WHAT IS REQUIRED >>
Everything below from the line with "126 FORFAR STREET E - 23" through the line with "chef ocupado en" should be copied exactly, and nothing else; leave out the pictures.

INPUT DATA >>
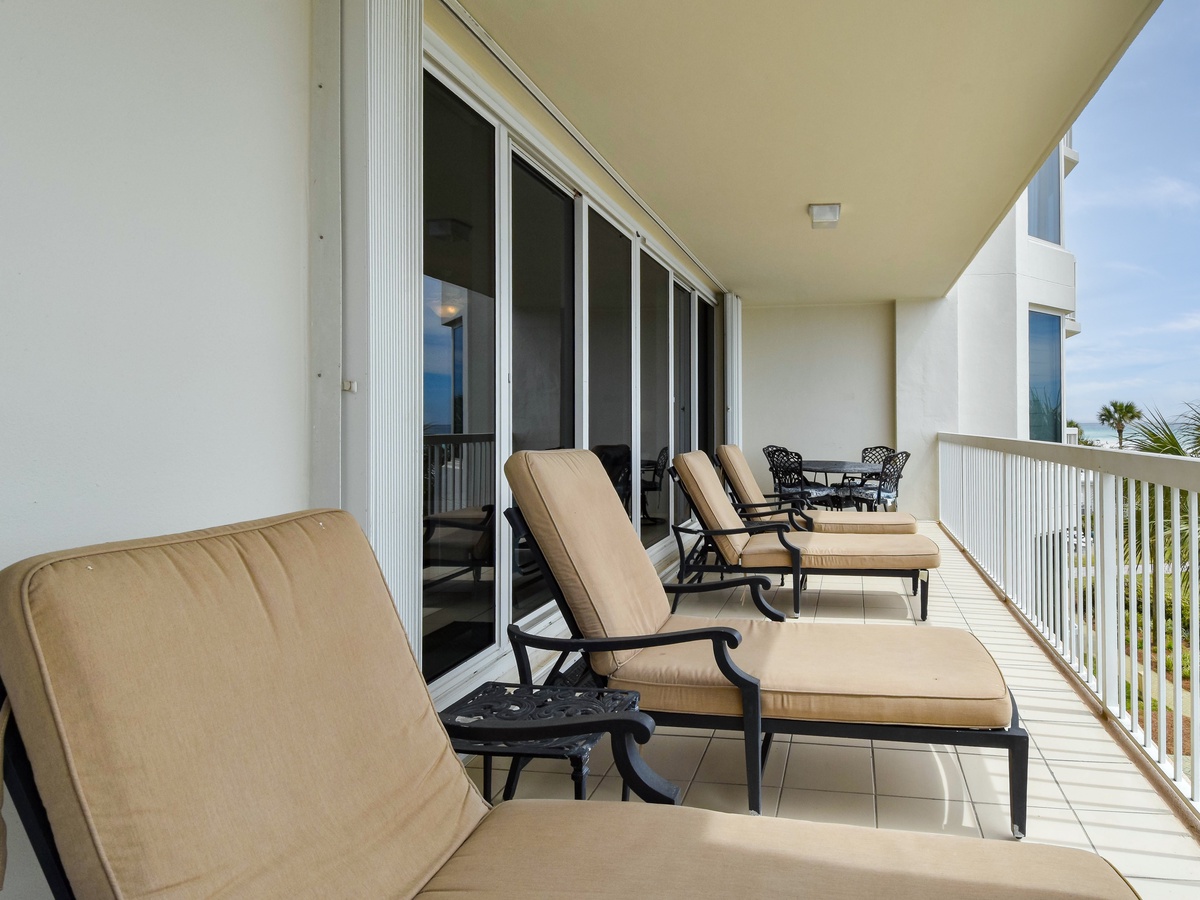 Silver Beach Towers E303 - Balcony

...

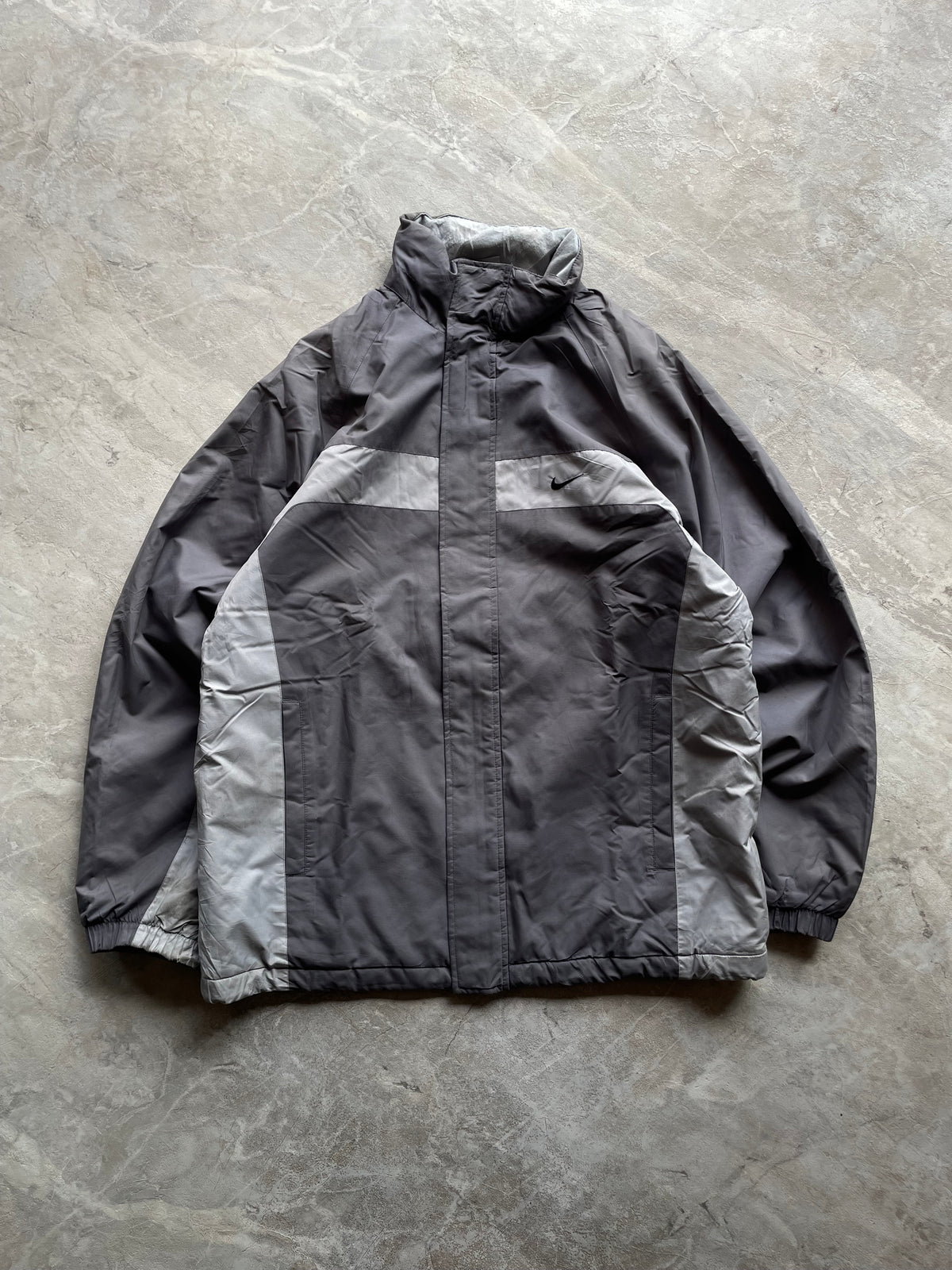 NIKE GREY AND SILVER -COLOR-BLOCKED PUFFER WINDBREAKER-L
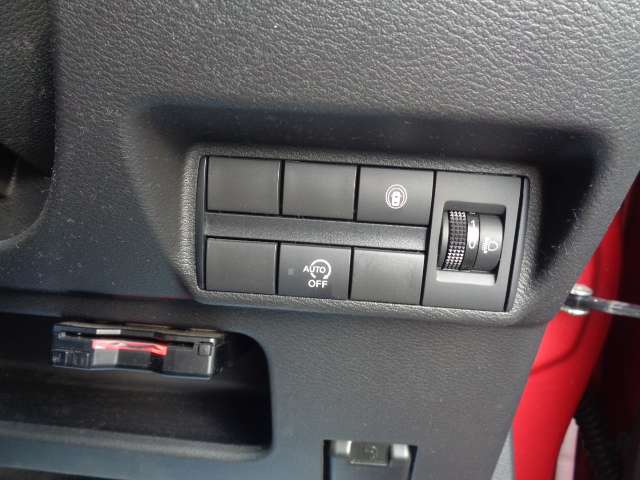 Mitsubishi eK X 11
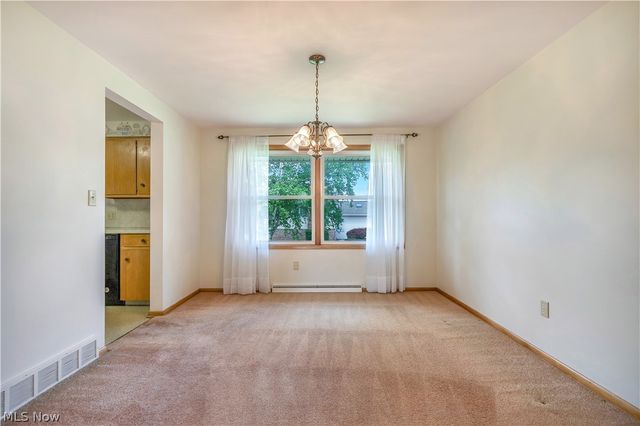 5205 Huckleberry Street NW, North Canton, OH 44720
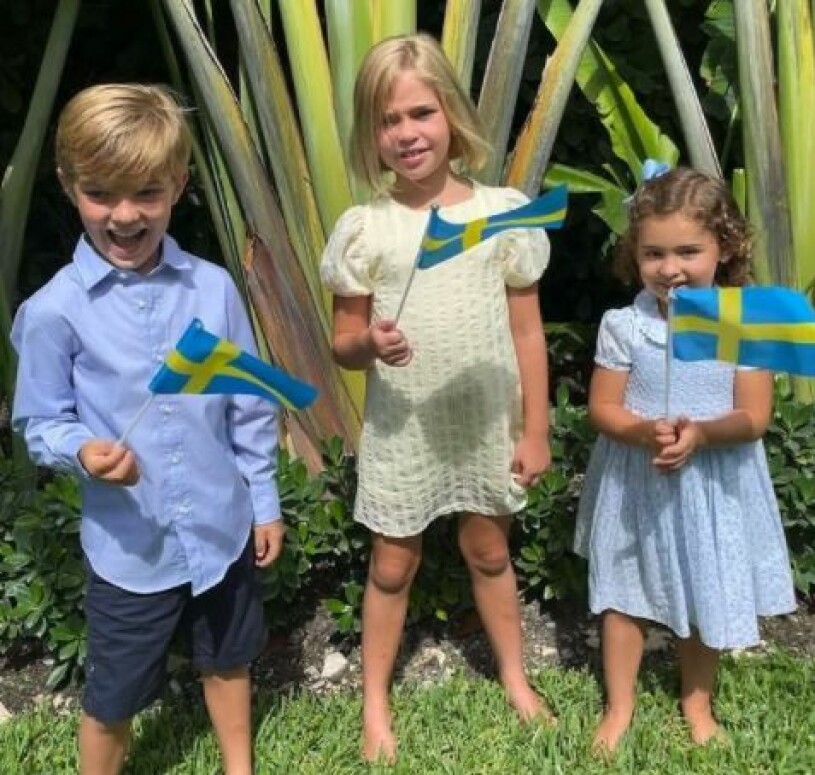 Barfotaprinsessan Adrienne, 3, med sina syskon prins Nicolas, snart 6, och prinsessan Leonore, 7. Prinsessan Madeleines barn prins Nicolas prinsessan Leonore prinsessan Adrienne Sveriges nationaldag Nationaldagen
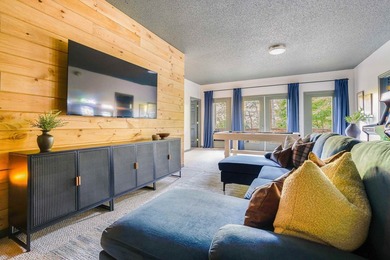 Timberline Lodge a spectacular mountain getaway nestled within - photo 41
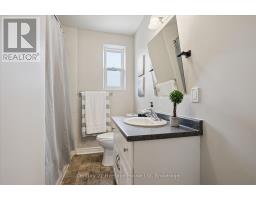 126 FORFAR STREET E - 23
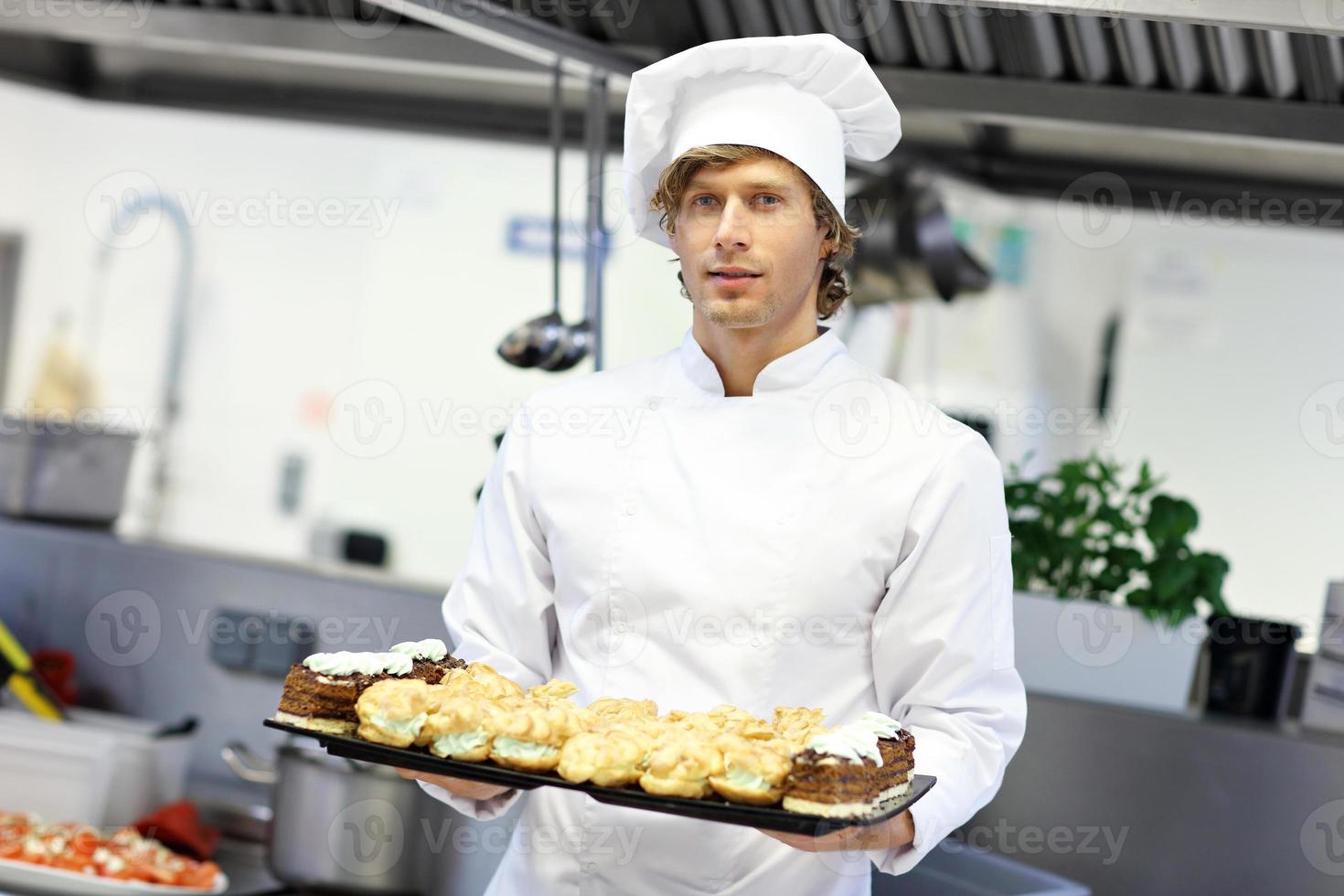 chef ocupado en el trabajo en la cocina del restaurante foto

RESULT OF THIS TASK >>
 126 FORFAR STREET E - 23
 chef ocupado en el trabajo en la cocina del restaurante foto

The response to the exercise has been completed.